EXCERPTED DATA >>

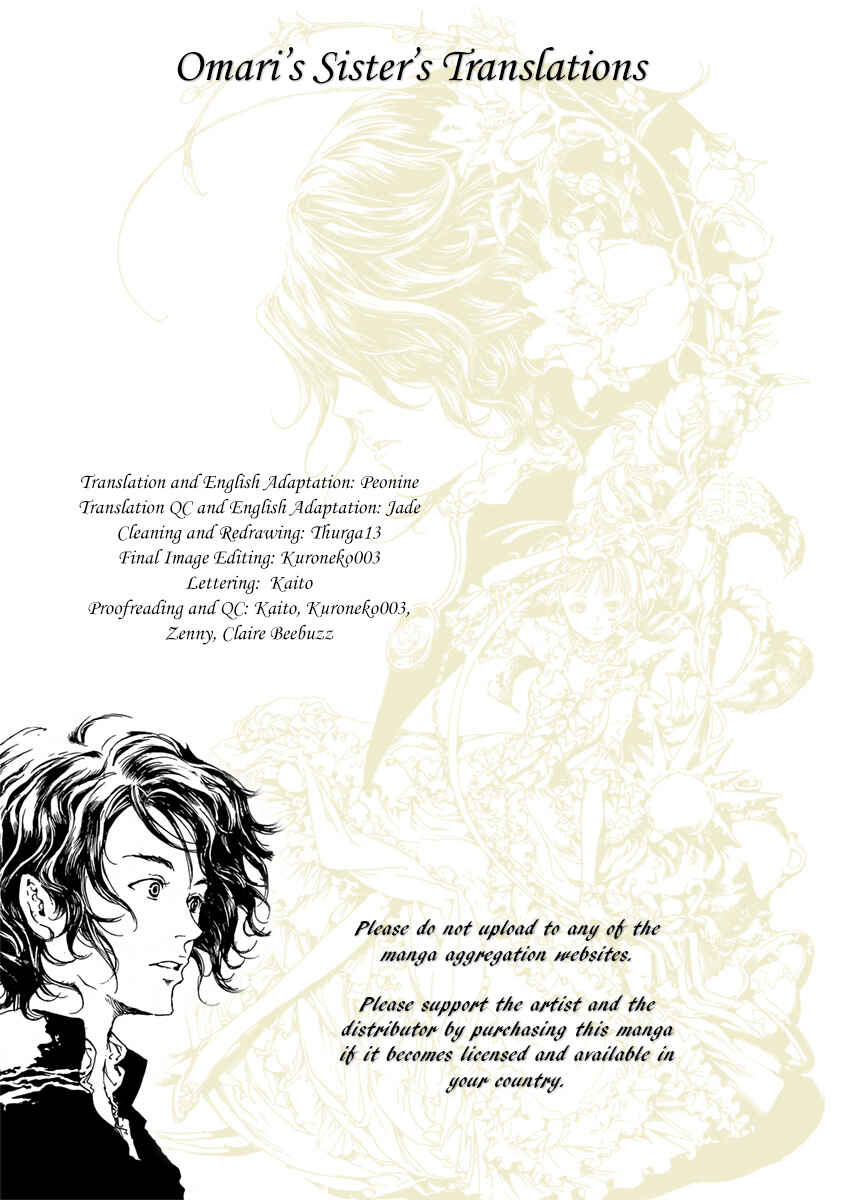 Page 1 Chapter 3 Kiniro Kishi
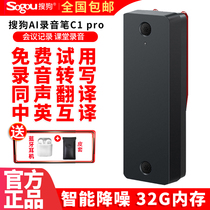 Sogou AI voice recorder C1 Pro Sogou voice recorder to text Professional HD noise reduction conference recording large capacity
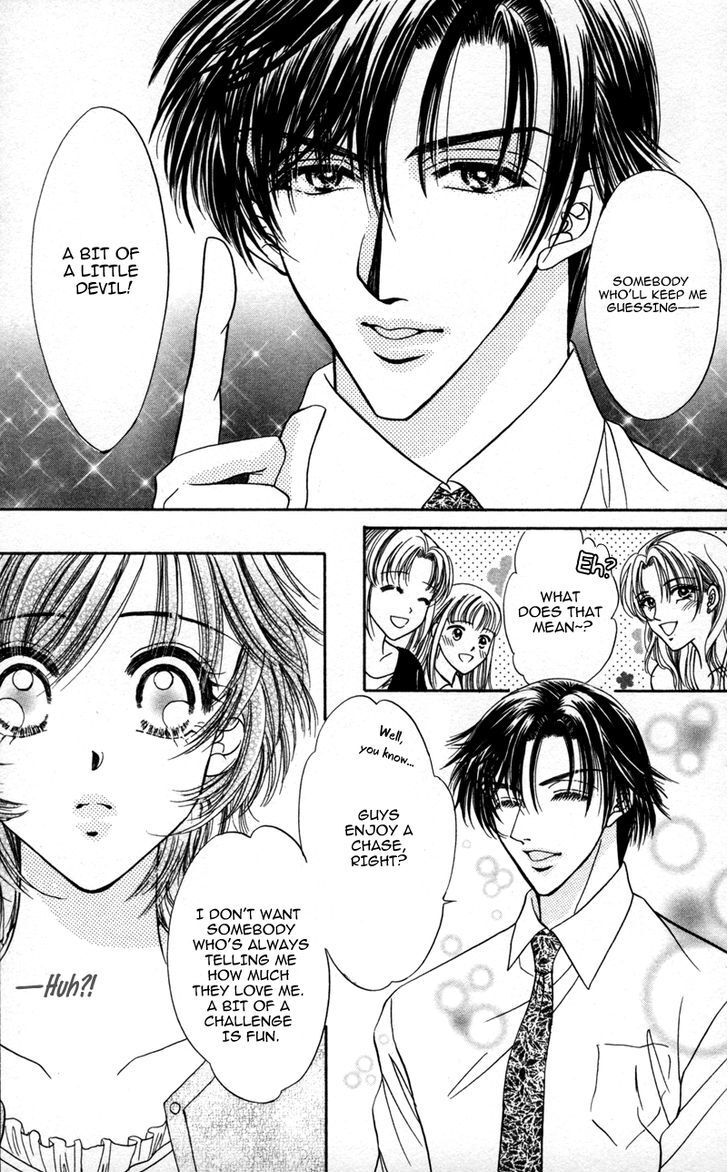 Read Katsuai no Ouji-sama Manga Online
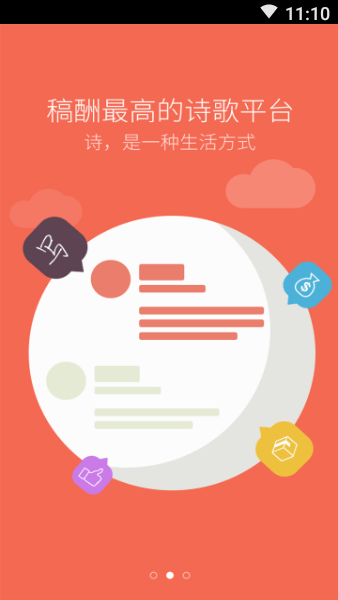 中国诗歌网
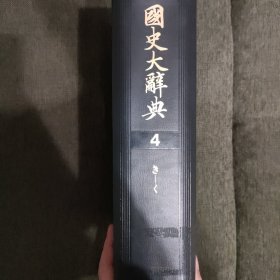 国史大辞典4 第四卷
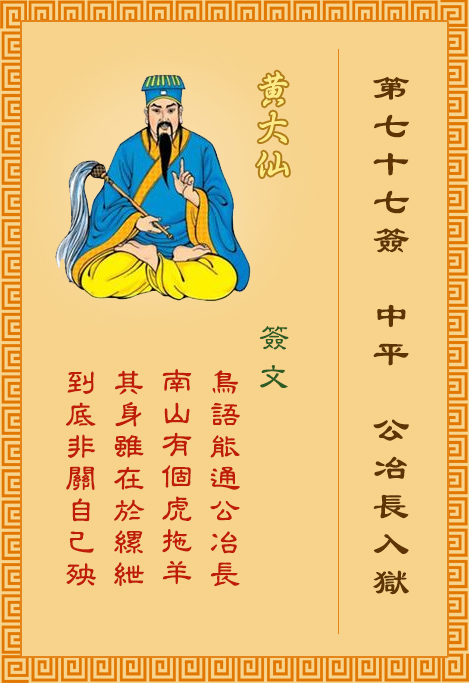 黃大仙靈簽 第77簽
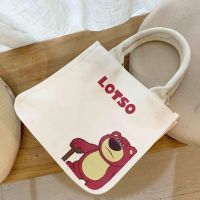 AQUA Genuine Authorized Disney Cartoon Strawberry Bear Tote Bag 2023 New Japanese Portable Canvas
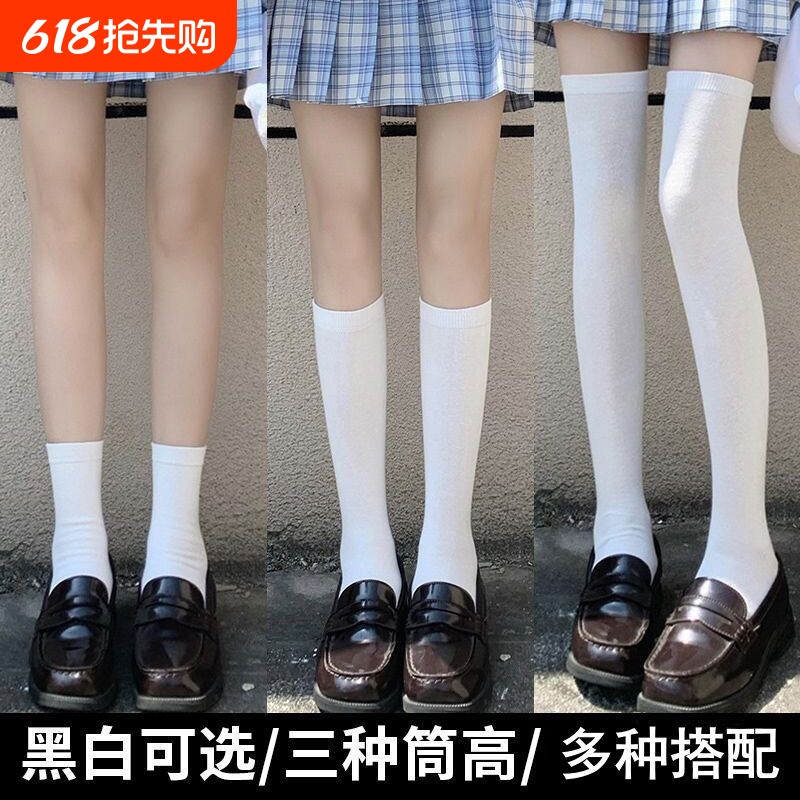 压力瘦腿长筒袜女韩版百搭学生小腿袜黑色显瘦袜2026新款丝袜中筒
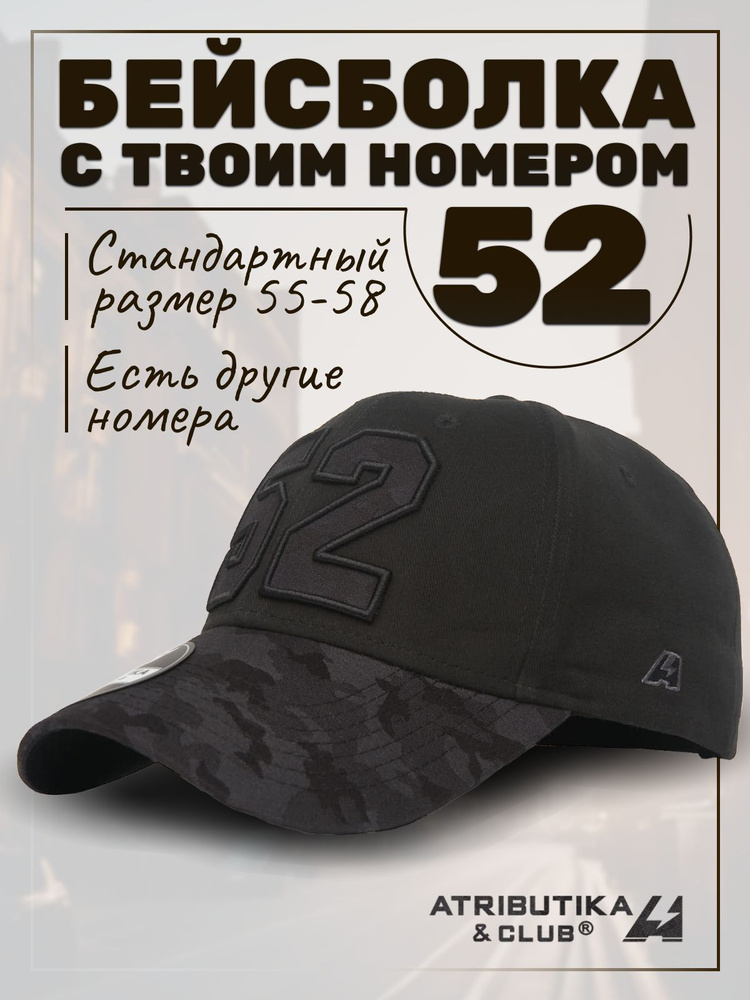 Бейсболка Atributika & Club My team number #1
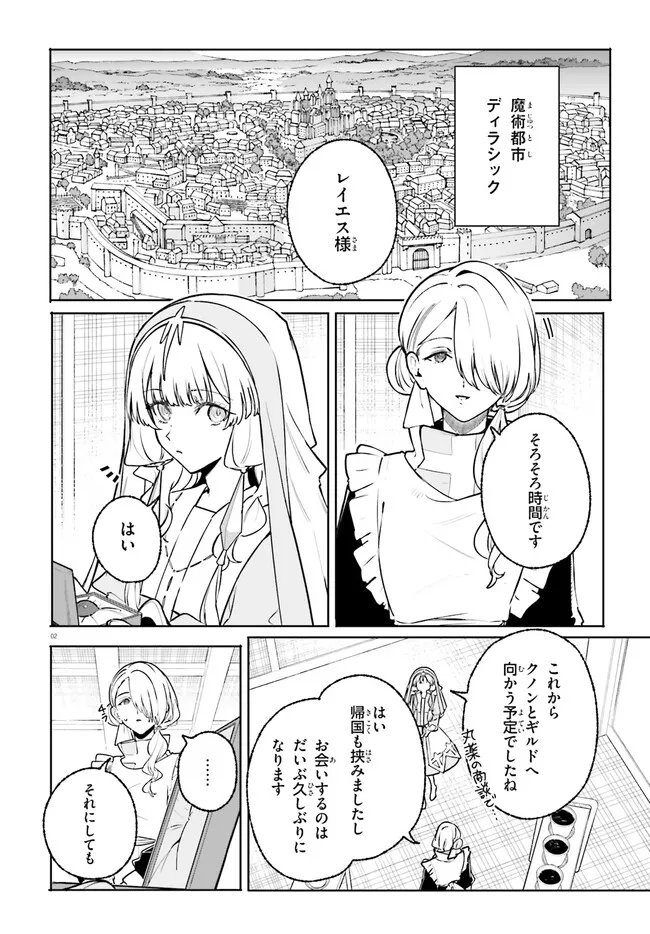 Majutsushi Kunon wa Miete Iru Chap 47 - Next Chap 48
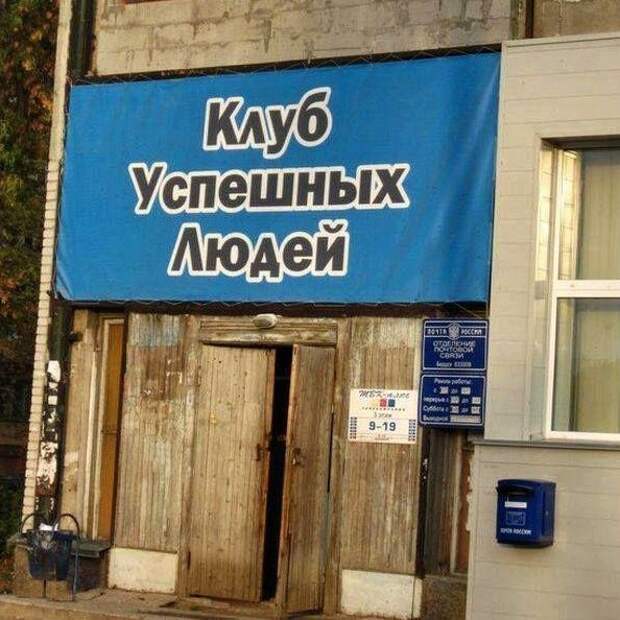 Реклама, которая точно привлечет ваше внимание Реклама, которая точно привлечет ваше внимание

WHAT TO WORK ON >>
Print the listing exactly, pictures excluded.

WRITTEN REPLY >>
 Page 1 Chapter 3 Kiniro Kishi
 Sogou AI voice recorder C1 Pro Sogou voice recorder to text Professional HD noise reduction conference recording large capacity
 Read Katsuai no Ouji-sama Manga Online
 中国诗歌网
 国史大辞典4 第四卷
 黃大仙靈簽 第77簽
 AQUA Genuine Authorized Disney Cartoon Strawberry Bear Tote Bag 2023 New Japanese Portable Canvas
 压力瘦腿长筒袜女韩版百搭学生小腿袜黑色显瘦袜2026新款丝袜中筒
 Бейсболка Atributika & Club My team number #1
 Majutsushi Kunon wa Miete Iru Chap 47 - Next Chap 48
 Реклама, которая точно привлечет ваше внимание Реклама, которая точно привлечет ваше внимание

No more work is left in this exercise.